8.31.2024 – catch a falling star

catch a falling star
hear mermaids singing – tell me …
where all past years are

Adapted from “Song” by John Donne, first published in 1633, as printed in The Oxford book of English verse, 1250-1918, New York, Oxford University Press, 1939.

The first stanza reads:

Go and catch a falling star,
Get with child a mandrake root,
Tell me where all past years are,
Or who cleft the devil’s foot,
Teach me to hear mermaids singing,
Or to keep off envy’s stinging,
And find
What wind
Serves to advance an honest mind.

With seven children in our family, my wife and I watched a lot of Nickelodeon and I thought a lot of those shows had underlying themes that were for those parents who like us, ended up watching those goofy shows.

The cartoon ‘Hey Arnold‘ about a kid with a football shaped head and his adventures growing up comes to mind.

The Grandma in that show would have a line here and there that just stopped you dead.

From “You’d knock down the statue of Liberty if it got a gray hair!” to “Against the law of the king, perhaps. Against the law of common decency? I think not!” you never knew what she would say.

In one episode Arnold was trying to get folks interested in saving an old building or something, I cannot remember what, and in the middle of the night, Grandma wakes him and drags him yelling, “Come on, let’s go grasp some straws!” and they go out to battle for justice and truth.

That is me today.

So so so much.

Michelle Obama’s call to DO … SOMETHING resonated in me to my toes.

… but what?

Mr. Donne writing almost 400 years ago put it this way.

Go and catch a falling star.

Tell me where all past years are.

Teach me to hear mermaids singing.

[Teach me] to keep off envy’s stinging.

Find what wind serves to advance an honest mind.

Come on, let’s go grasp some straws!

8.30.2024 – accidentally

accidentally
damaged and the response will
be accordingly

I was refreshingly intrigued to read the story, “‘I couldn’t believe it was my son who did it’: boy, 4, smashes bronze age jar in Israel museum” by Ashifa Kassam in the Guardian.

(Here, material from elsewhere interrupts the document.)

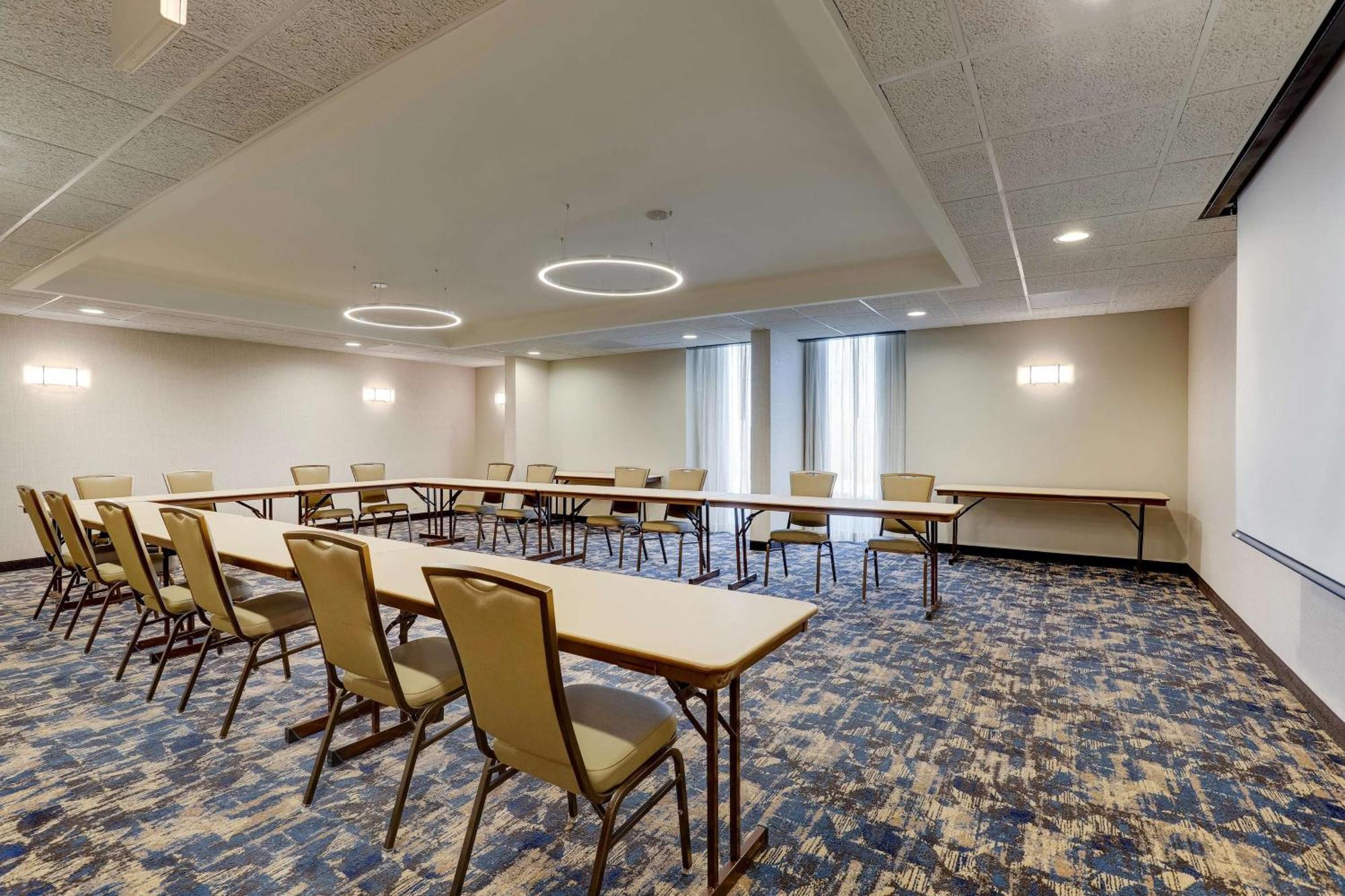 Drury Inn & Suites St. Louis St. Peters 세인트 피터스 외부 사진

Ms. Kassam writes of an incident at the Hecht Museum in Israel where a 4 year boy knocked over and smashed a 3,500 year old vase that was ‘Older than King David.’

Ms. Hassem wrote that the parents, “They were not expecting what came next, however. “Instead of imposing fines or punishment, they invited us to visit again,” said Alex [The Dad].

This time the visit would include an organised tour, in an attempt to “sweeten” the family’s previous experience at the museum, the museum’s director, Inbal Rivlin, said in a statement.

Mr. Rivlin is quoted as saying, “There are instances where display items are intentionally damaged, and such cases are treated with great severity, including involving the police. In this case, however, this was not the situation. The jar was accidentally damaged by a young child visiting the museum, and the response will be accordingly.

Someone in 2024, was allowed to have an accident.

No lawyers.

No police.

No courts.

The people who knew the situation said it was an accident and that accidents happen.

How refreshing!

I am happy to know accidents can still happen.

When I was 12, I was the Smithsonian in Washington, DC and in their display on Pirates, there were some gold doubloons mounted on the wall.

I eyeballed them, then I reached out and touched one.

BRAMMMMMMMMMMMMMMMMMMMMM the alarms went off.

A guard slid an accordion style metal grate across the entrance to the display hall.

I suppose I should have been scared, but by age 12 I had mastered the air of concerned innocence in times of stress and when the guard ran over to check the display, he went right past me without a glance.

Once the guard was able to verify nothing was missing the alarm was turned off and the grate was slid back and I started to breath again.

For crying out loud, why did they have them glued to the wall if we weren’t supposed to touch them.

I joined up with my family and we walked on to other rooms, passing by a display of what was identified as Theodore Roosevelt’s desk.

This desk was also known as the Resolute Desk but President Nixon, aware of its history with JFK, chose not to use it in the White House and it was put the Smithsonian.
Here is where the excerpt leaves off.